We all know that construction costs are sky high with no relief in sight. This is creating issues for sellers, builders and buyers alike. This article is geared towards buyers purchasing existing spec homes, usually from a broker representing a builder. These contracts will usually include the building site, the construction and usually the landscaping. Obviously, working with a general contractor with a parcel that you own (custom build) is a separate topic, with different financing requirements.
Types Of Contracts
Historically, we have seen regular purchase and sale agreements that give the buyer an opportunity to review the finishes and quality of construction upon completion. That method has been almost entirely replaced with a non-refundable deposit up front with a provision for the contract to be canceled only if the completion is not done by a certain date. This leaves the door open for quality control issues and very little room for changes along the way. In addition, we are starting to see contracts with built-in price escalations based on material costs. This usually gives the buyer an opportunity to withdraw from the transaction in the event that the costs increase beyond the buyer’s budget, but I wouldn’t be surprised if there were agreements that locked the buyer into these potential price increases as well.

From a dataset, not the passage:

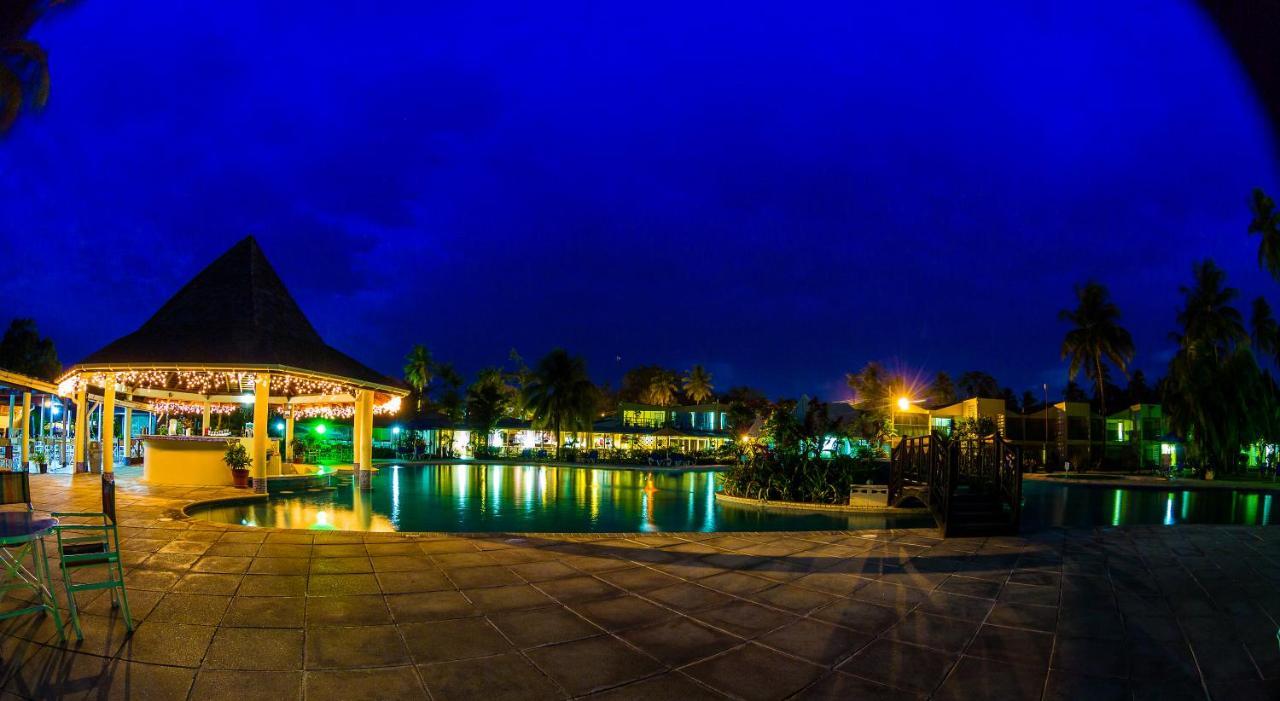Hotel Starfish Tobago Black Rock Exterior foto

In some cases builders working with brokers will use a traditional State purchase and sale agreement with an addendum or exhibit outlining items that are included in the sale along with the finish schedule, but sometimes they have builder contracts which can be daunting to review and understand. Regardless, it is important to understand what is included in the purchase price. A clear understanding of appliances, landscaping or partial landscaping, window coverings and other items in addition to the home and building site are important aspects.
It has become increasingly common for a builder to simply provide a finish schedule of materials used. Builders are also building in language for potential changes based on availability of materials in the event something needs to be substituted. The issue is that many materials are ordered far in advance and therefore cannot be changed. General contractors would historically hold meetings for finishes along the way, but with the lack of available materials, builders are finding themselves ordering appliances, tile and flooring, doors, windows and trim even before concrete is poured. In many events, this is limiting buyers to very basic modifications such as paint colors.
Unlike those working with a general contractor to build a home as opposed to buying a spec home directly from a broker or builder, conventional loans are typical. This simply provides that the buyer completes the appraisal and underwriting loan process after the certificate of occupancy is issued. This obviously opens the door to issues with interest rates. Buyers will want to be forward thinking and conservative based on their budget or debt ratios to ensure they can still qualify for the home they have contracted, particularly if they have a contract with a deposit that is not refundable. For those working with the general contractor directly, “one time close” loans can provide some reassurance and create a safety net, but these types of loans are not as common unless building a custom home.
Preparing For Closing
Another risk factor and major consideration are things that may or may not be included, and how to acquire those items within a reasonable time frame as you approach closing. Just like building materials, many items such as furnishings, window coverings, appliances that may not be included in the sale can be hard to find and/or have incredible lead times. Buyers have to weigh not only the risk of purchasing something for home that they don’t yet own, but also need to be careful about making large purchases on credit that may impact their debt ratio in order to qualify for their loan as they approach closing.
As a final note, many of these spec home builders are working with the broker to take the direct communication element out of the equation so that they can focus on what they do best. Use your real estate agent’s knowledge to your advantage to help you understand all of the points above, and to create a homogeneous working environment with your lender to ensure a process that is as painless as possible. It is also very important to work with your broker to understand expectations and to be prepared for delays and changes along the way.